The news business has been in the business news in Iowa lately.

Meredith Corp., based in Des Moines, this week approved the sale of its TV stations to Gray Television, which owns KCRG-TV in Cedar Rapids and more than 100 other stations. Davenport-based Lee Enterprises, whose properties include 10 Iowa newspapers, has an offer to sell to Alden Global Capital, a hedge fund criticized for gutting newsrooms. It’s the same company that this year acquired Tribune, the biggest news publisher in neighboring Illinois.

Lee and Meredith aren’t exactly small outfits, but these deals nevertheless underscore the downsizing and consolidation that has been underway in the media for more than a decade. Community news has been on the decline and where it persists it is increasingly controlled by outside stakeholders. That’s bad for news consumers — I’m biased, but I think independent newspapers like The Gazette are doing some of the best work.

Politicians in Washington have an idea to bail out America’s struggling local news industry. More than $1.5 billion in tax credits to journalism companies over five years is included in the “Build Back Better” package, under consideration in the U.S. Senate.

It will be a welcome windfall if it earns final approval from Congress but it’s not the thing that’s going to rejuvenate local news.

The old subscription and advertising models have been challenged by the internet. Some readers resent being asked to pay to read online, while businesses have more options for reaching customers. But you get what you pay for with free news — humans who produce reliable content need to eat.

Newspapers — which often do the heavy lifting that blogs and TV stations rely on to inform their coverage — have been hit hardest. Print newsrooms have about half as many employees as they did a decade ago, according to data from Pew Research Center.

There will always be ample supplies of horse race politics, sports recaps and crime write-ups.
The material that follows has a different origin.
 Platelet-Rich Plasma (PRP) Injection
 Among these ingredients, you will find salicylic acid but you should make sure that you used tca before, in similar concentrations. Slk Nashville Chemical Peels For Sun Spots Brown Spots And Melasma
When newsrooms shrink, it’s the sometimes unsexy but still vital journalism that usually gets lost — local government, investigative journalism and long-term trend pieces that give the necessary context to know what’s going on in a community.

So, the proposed tax credit in “Build Back Better” is well-intentioned. It’s a problem worth trying to solve, although this solution has some notable pitfalls.

The proposal supposedly is intended to sustain small community newspapers and TV stations. It makes a feeble attempt to exclude huge media corporations by making those employing more than 1,500 employees on one site ineligible.

But many of the largest media companies in the country have dispersed workforces, owning numerous titles and stations that are locally managed to some extent. My former employer, Gannett, for example, is the largest newspaper publisher in the United States with thousands of employees and dozens of local newspapers. It could get more than a $100 million boost over five years from the per-employee tax credit, according to the Associated Press.

There is nothing to stop the big guys from using the largesse to pad the compensation of their managers and executives. It’s no sure thing that dumping money into the news industry will result in an influx of reporters at city council meetings. As with the Democrats’ support for state and local tax deductions, this could end up being another example of giving tax breaks to the wealthy.

And if electoral winds shift as expected, it’s not hard to imagine the next Congress taking this idea and using it to somehow game the tax code to suit their political preferences. The government could try to target subsidies at publishers who meet certain standards set by a hypothetical Ministry of Truth.

In principle, most journalists probably would prefer not to pin our financial futures to a government kickback. It presents conflicts of interest and threatens the media’s independence.

In practice, though, principles don’t keep the lights on. News organizations will be happy to accept it.